After all, his work as a rigger for some of the world's biggest music acts has had him acting the role of a backstage spiderman of sorts, climbing the rafters among the engines and pulleys of complex lighting and special effects shows.

But perhaps his closest call happened on a warm day in Toronto in 2012, the day the stage collapsed at Radiohead's Downsview concert.

Brian Collins woke up in Sunnybrook Health Sciences Centre with numerous injuries, including a fractured skull, crushed vertebrae, crushed right knee, broken ankle and fractured ribs. (Brian Collins)

The collapse killed the British rock band's 33-year-old drum technician, Scott Johnson. Collins came within a hair's breadth of meeting the same fate.

Five years later, he has become angry and frustrated at the lack of answers and accountability for what ultimately caused the stage to crumple inward, despite a year-long investigation by the Ontario Ministry of Labour and two court cases.

Collins had been called up to the stage to take a closer look at a piece of equipment that seemed to be hanging too low.

"It looked like it was touching the floor after it was raised," he said. "We were called to come up on stage there to investigate to see what the problem was."

'Ran for green pasture'

Collins was standing 1.5 metres from Johnson on the stage when it happened.

"It sounded like something broke, a real loud crack sound. And in my head something made me go, 'Go!' I turned around and I literally ran for green pasture. I saw the green field and something made me run to the end of the stage and jump off the stage."

Collins didn't get far.

"While I was in midair, the roof was coming down and there was a pipe fixed to the roof that hit me on the head and drove me into the ground like whack-a-mole," he said.

It took Collins nearly four months to walk again and 10 months of rehab before he could return to work (Brian Collins)

Collins woke up in Sunnybrook Health Sciences Centre with a fractured skull, crushed vertebrae, crushed right knee, broken ankle and fractured ribs. It took him nearly four months to walk again and 10 months of rehab before he could return to work.

The effects of that day linger. His left ankle barely moves anymore, a bitter pill to swallow for someone who used to love skiing.

"I can no longer pull any kind of weight with my back and I have no balance. Pretty much most of my balance [is] on my left ankle, which is not good when you're walking on beams a hundred feet in the air."

Collins is back at work. These days he is Green Day's head rigger but he's not as nimble or athletic as he used to be and it's a tough slog.

'Pain in my back'

"I have pain in my back. I can't lean forward for very long, I can't sit back, I have to sort of keep moving around my back and it's hard for me to be laying down for any stretch of time," Collins said.

From his Florida home, Collins watched the case against Live Nation, Optex Staging and engineer Domenic Cugliari wind its way through the Ontario courts.

In total, there were 13 charges under the province's Occupational Health and Safety Act. Court proceedings began in 2013. All three of the accused pleaded not guilty.

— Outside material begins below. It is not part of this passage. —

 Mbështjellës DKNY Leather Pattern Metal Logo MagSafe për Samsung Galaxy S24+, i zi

Collins says it took four months for him to learn to walk again after the Radiohead stage collapse. (Brian Collins)

The first judge declared a mistrial after being appointed to the Ontario Superior Court of Justice.

The second judge ruled in September 2017 that the case had taken too long to move through the courts and that the defendants' charter rights would be violated if the second trial were allowed to proceed into 2018.

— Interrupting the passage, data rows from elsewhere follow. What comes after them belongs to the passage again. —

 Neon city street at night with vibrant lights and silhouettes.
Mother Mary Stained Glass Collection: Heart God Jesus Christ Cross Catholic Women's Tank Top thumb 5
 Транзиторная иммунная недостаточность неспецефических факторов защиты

In 2016, the Supreme Court of Canada decided that delays beyond 30 months for Superior Court cases and 18 months in provincial courts violate an accused's charter right to be tried within a reasonable time

When all the charges were stayed in September, Collins says he was "truly disgusted" and furious no one was held accountable in the collapse.

Collins has worked as a rigger for some of the world's biggest music acts. (Brian Collins)

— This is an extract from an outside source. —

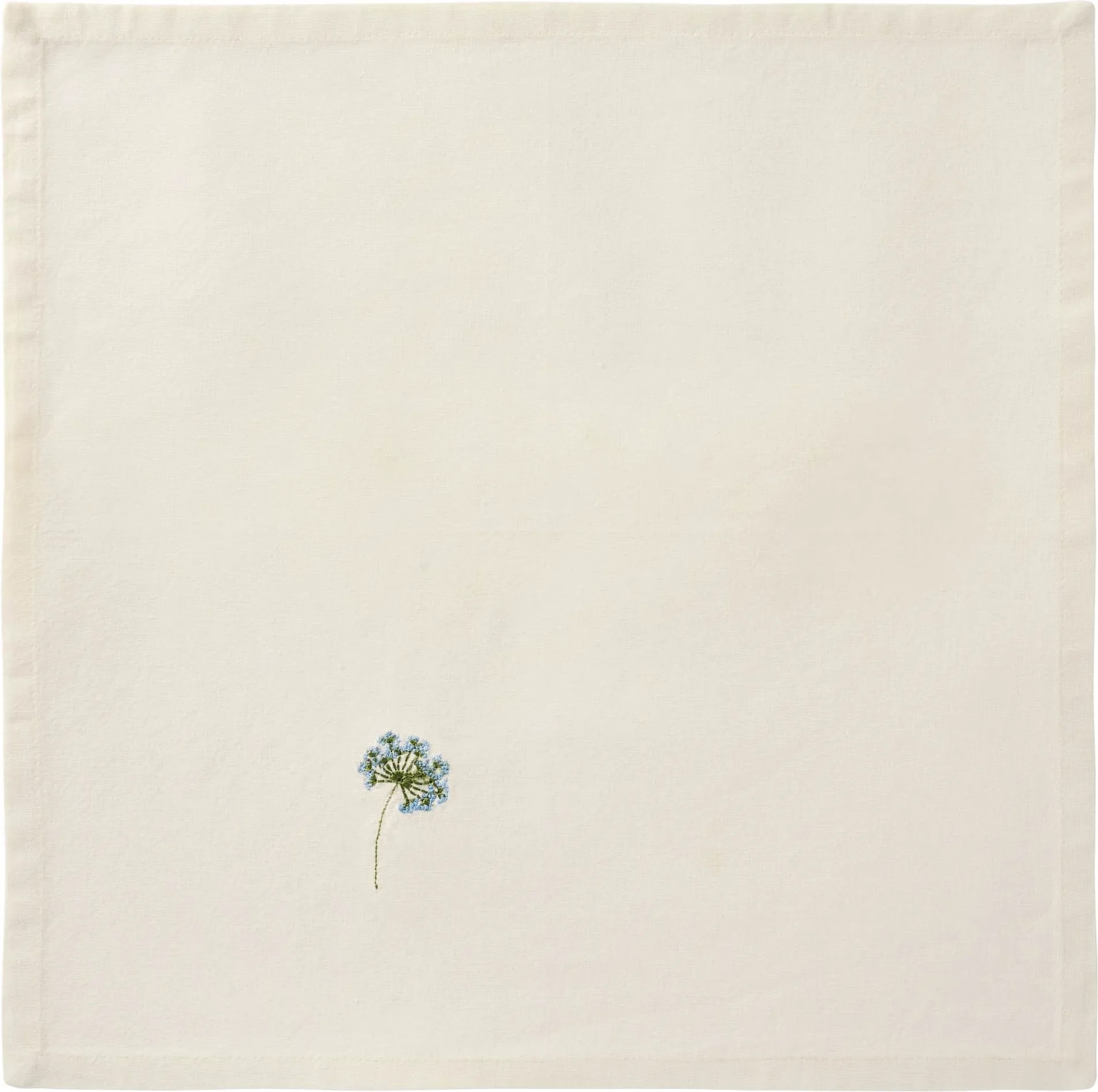 Ib Laursen Látkový obrúsok s výšivkou Flora Blue umbel flower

"There is somebody at fault. There really is no such thing as accidents here on this planet." Collins said.

"If I'm walking in the woods and a branch breaks and hits me and I am injured that would be an accident. In this case, somebody is at fault. Somebody did something somewhere along the chain that caused this to happen. This is not an accident."

CBC News has learned that on Thursday, the office of the chief coroner of Ontario will formally call for an inquest into the collapse.

Although angry the charges in the case were stayed, Collins is pleased there will be the inquest.

"Any kind of fact-finding mission is a good thing to me. Anything that reveals the truth? I'm all for that."